One of my favorite chapters so far is about collaboration and diversity.
It cites a piece of research that was really troubling. A group of researchers challenged groups of students (4 people per group) to solve a murder mystery:
“In some cases the groups comprised four friends — members of the same college fraternity or sorority. In other cases, the groups were made up of three friends and a stranger.”
It won’t surprise you since the chapter is about diversity that the groups which included a stranger performed better. Okay fine, but also…
“The problem comes when we ask… how well the members of the group thought they’d done.
“Members of diverse teams didn’t feel very sure they’d gotten the right answer, and they felt socially uncomfortable. The teams made up of four friends had a more pleaseant time and they also tended to be confident–wrongly–that they had found the right answer.”
Yikes. So the teams that did better felt worse and vice versa.

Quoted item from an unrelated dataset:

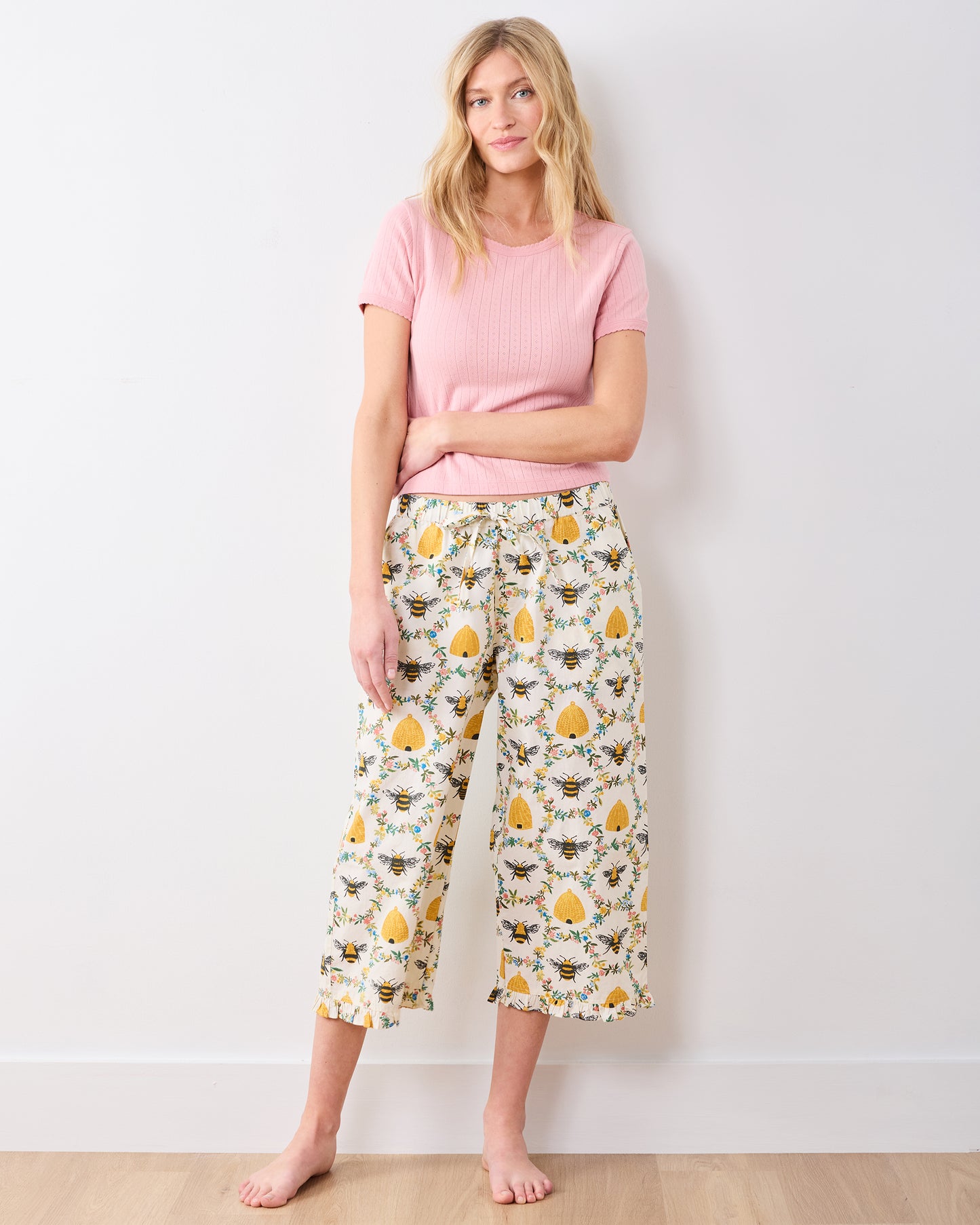 Sweet Bee - Ruffle Cropped Pants - Cream - Printfresh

You might ask why non-homogenous groups tend to perform better: the author says it’s because we’re less likely to question and push back on people who are similar to us.
It’s a weird mix of groupthink (“I innately trust these people to make good decisions because they’re similar to me”) and valuing the relationship more than solving the problem at hand.
This is true of my own experience. Discussing ideas and problems with people who aren’t like you is uncomfortable and non-linear. You don’t know where the discussion is headed, and it’s hard to tell whether you’re on the right track.
You often have to dig deeper to the foundational facts to have a good conversation, which can feel unsettling.
Which of course is the entire point.
This was just a single story in this one chapter. The rest of the chapter details a bunch of other ways that we’re more homogenized today: we live by people like us, we marry people like us, we work with people like us, we hang out online with people like us, and on and on.
And this is happening in the age of the Internet, when we have access to a wider diversity of ideas and people than ever before.
I’m going to try to meet more people who aren’t like me.